Fording the Wills River in Mt Aspiring National Pass. Photo: Pat Barrett
5-6 days
Both ends of this multi-day traverse are accessible from SH6 (Haast Pass Highway); the upper Makarora Track at Davies Flat car park, and the Wills Valley Track at the Gates of Haast road bridge. The trackheads are about 14km apart, necessitating a shuttle, walk or hitch
BY13, BY14, BZ13, BZ14
Pat Barrett endures a long, cold and arduous trek in South Westland

“Six hours travel and six hours tramping. That’s day one,” I conclude to my companions, as, in the failing light of dusk, we stride the last easy section of the upper Makarora Valley in Mt Aspiring National Park, bent on reaching dog-box-sized Makarora Hut.

It’s been a long day, beginning with a pre-dawn start from Christchurch to make the most of the shortening mid-autumn days and also to set us up, time-wise, for the ensuing five-day hike on which we have embarked, taking us from the serene beauty of the Makarora over the Young Range to remote and mysterious Hunter Valley. Then, on into its very headwaters before crossing the Main Divide at Wilson Pass to enter rugged South Westland via the Wills River and eventually the Haast Highway.
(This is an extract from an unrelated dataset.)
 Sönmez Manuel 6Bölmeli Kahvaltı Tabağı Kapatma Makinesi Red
Despite the heavy load I carry, including tent, mountain radio, camera gear and provisions for five-plus days, I am delighting in the challenge and the attraction of new country ahead, particularly the Hunter which I have long wished to enter.

My buddies on this march are long serving tramping mate, Mike Latty, good friend of his Bryce Jenkins, and our French connection, Father Antoine Thomas, a Catholic monk from the Community of St John, now based in Christchurch.
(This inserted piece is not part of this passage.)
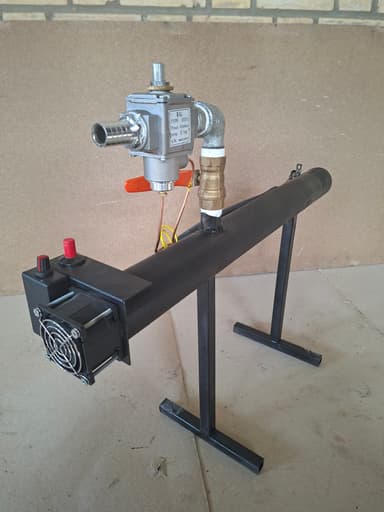 مشعل گاز فن‌دار مدل B مجهز به شمعک، جرقه‌زن و شیر گاز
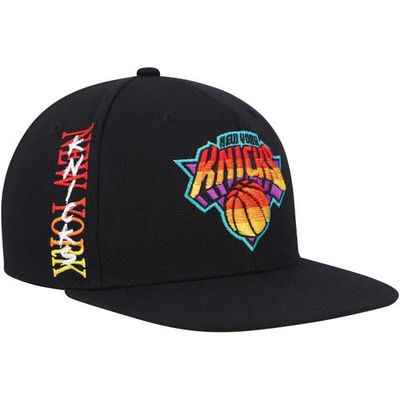Men's Mitchell & Ness Black New York Knicks Soul High-Grade Fade Undervisor Snapback Hat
Though Fr Antoine is new to tramping in this country, having been here only a few months, he is no stranger to adventure having been in the French alpine troop corps, an extreme speed skier, a hang glider pilot, not to mention a mountain climber and runner. I have little doubt regarding his ability; it’s only his readiness to cope with the testing nature of the New Zealand mountains that is unknown. We’re a good team, however, and the weather report is benign with a large intense high lodged over the southern half of the South Island while gales, rain, and floods rage on in the North Island.

The Makarora Gorge Track which we have just ascended has been a trial. Mega-floods over the preceding summer trashed large sections where it once crossed easy terraces and made travel slow and tedious. We began the tramp at the Haast Highway, dropping off the flood-scoured terrace at Davies Flat, immediately plunging into the knee-high swirling embrace of the Makarora River.

This caused Fr Antoine a moment’s surprise, but he recovered well with a cheery, “I see we begin the adventure early”. He’s not wrong, and so it will continue.

By nightfall we have a roaring fire going in the hut, dinner on and are starting to thaw out and feel weary from the day’s labours. What simple pleasure it is to eat and slide into a cosy sleeping bag as a brisk wind whips around the hut outside.

A pre-dawn start sees a coal black sky display a starry skein beyond the circlet of ranges on the valley rim – it’s going to be a magnificent day for our crossing of the Young Range to the Hunter.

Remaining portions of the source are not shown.